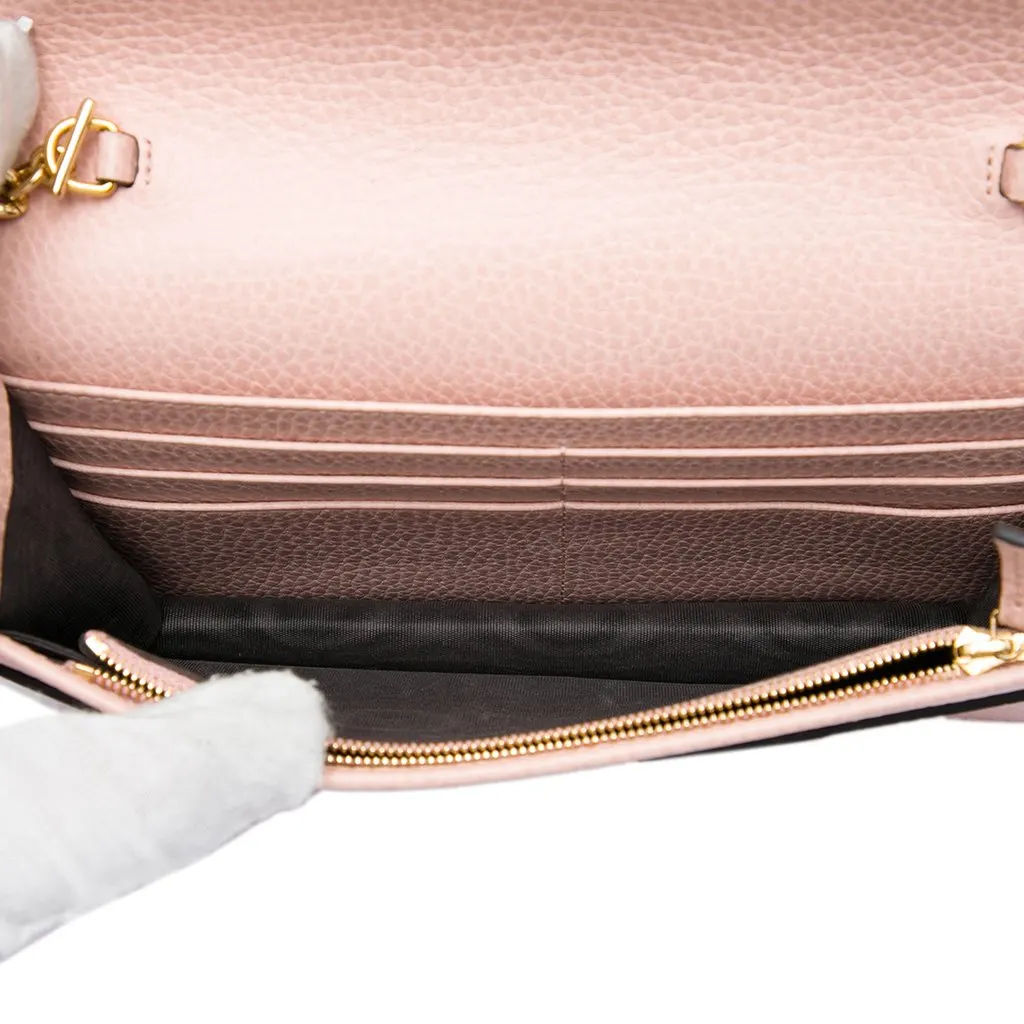 Gucci GG Marmont Calfskin Wallet On Chain Pink Leather Very good - Model View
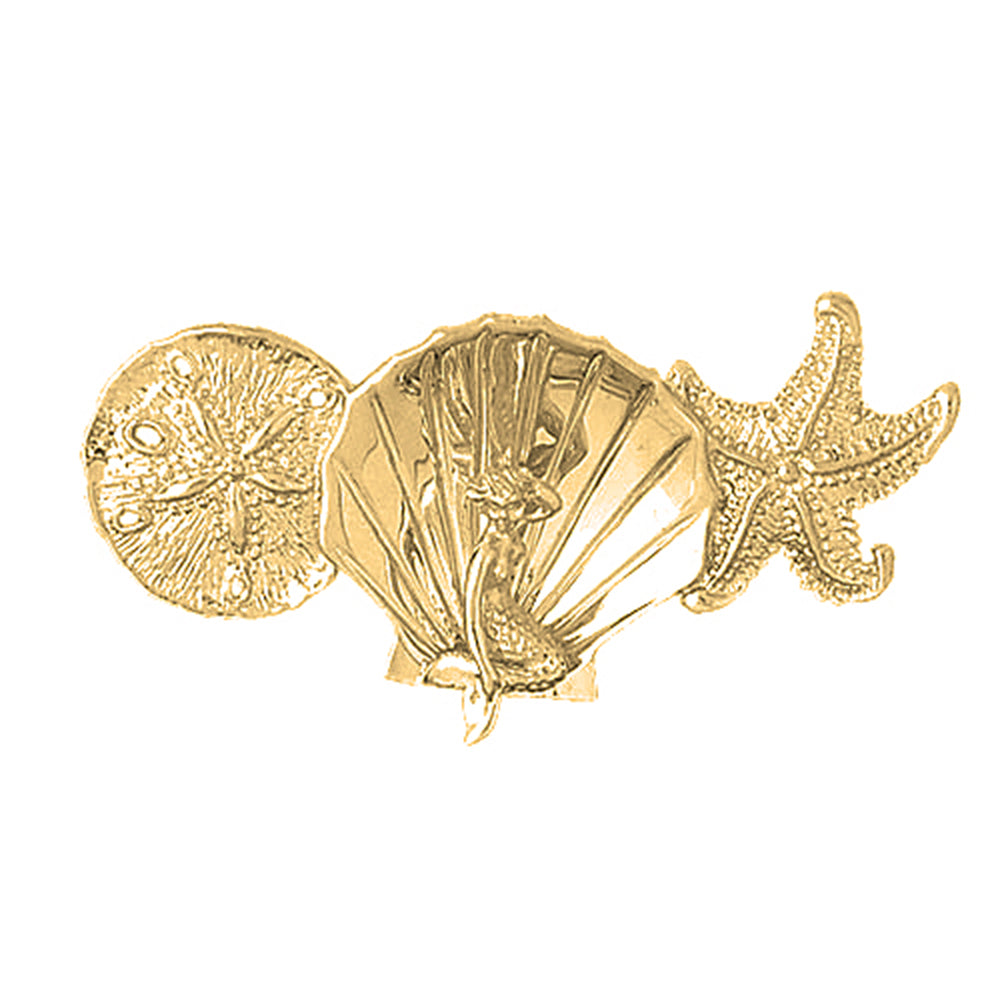 10K, 14K or 18K Gold Sand Dollar, Starfish, Shell With Mermaid Pendant
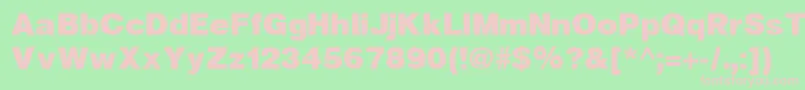 HelveticaBlackCyrillicBold-fontti – vaaleanpunaiset fontit vihreällä taustalla
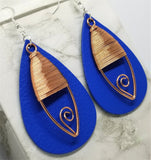 Blue Real Leather Earrings with Wire Wrapped Copper Oval Overlay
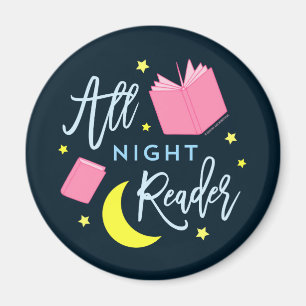 Moon Stars and Pink Books All Night Reader Magnet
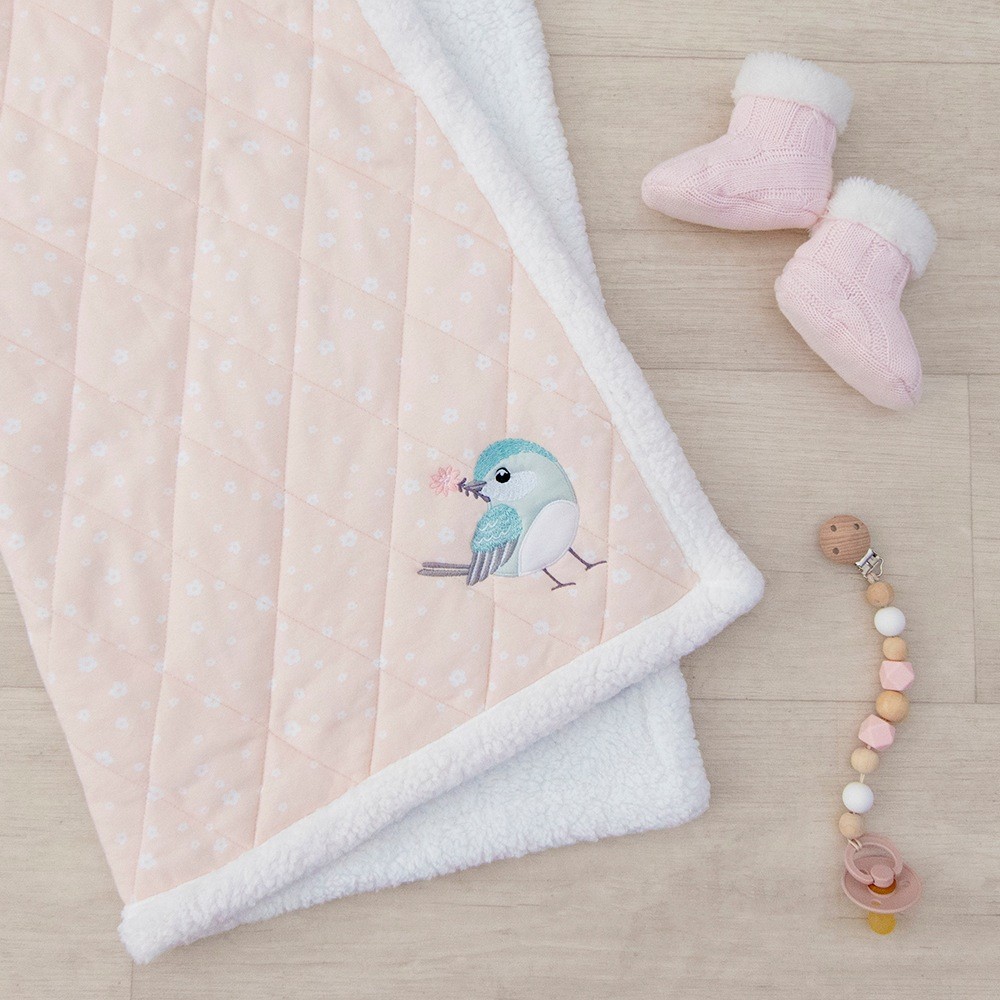 Living Textiles Ava Quilted Sherpa Blanket Pram & Baby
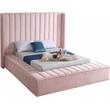 Pemberly Row Contemporary Solid Wood and Velvet King Bed in Pink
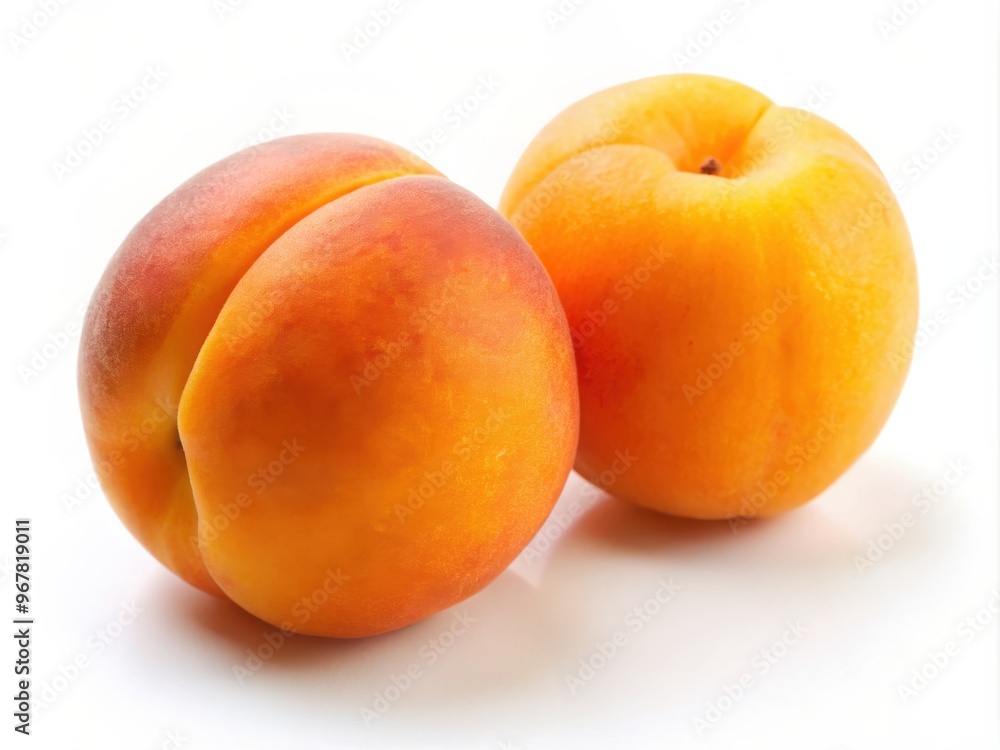 Two ripe peaches with velvety skin Two ripe peaches with velvety skin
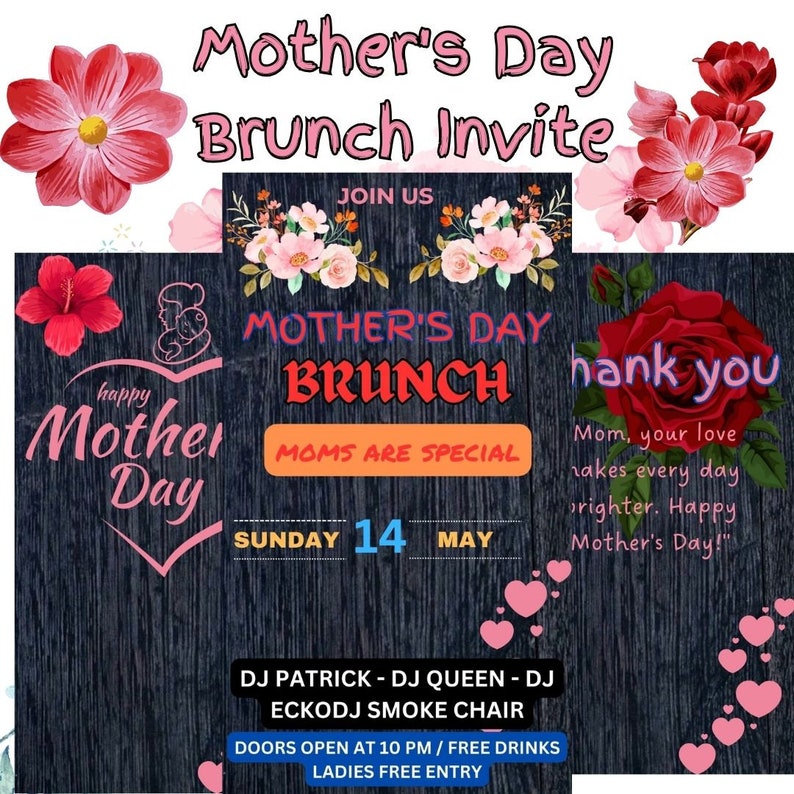 Editable Mother's Day Brunch Invitation Template Printable Mother's Day Editable Mother's Day Brunch Invitation Template Printable Mother's Day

* Problem requirements
Transcription of the lines from the one with "Pemberly Row Contemporary" through the end of the entries is required, exact and with no pictures.

* Response to this exercise
 Pemberly Row Contemporary Solid Wood and Velvet King Bed in Pink
 Two ripe peaches with velvety skin Two ripe peaches with velvety skin
 Editable Mother's Day Brunch Invitation Template Printable Mother's Day Editable Mother's Day Brunch Invitation Template Printable Mother's Day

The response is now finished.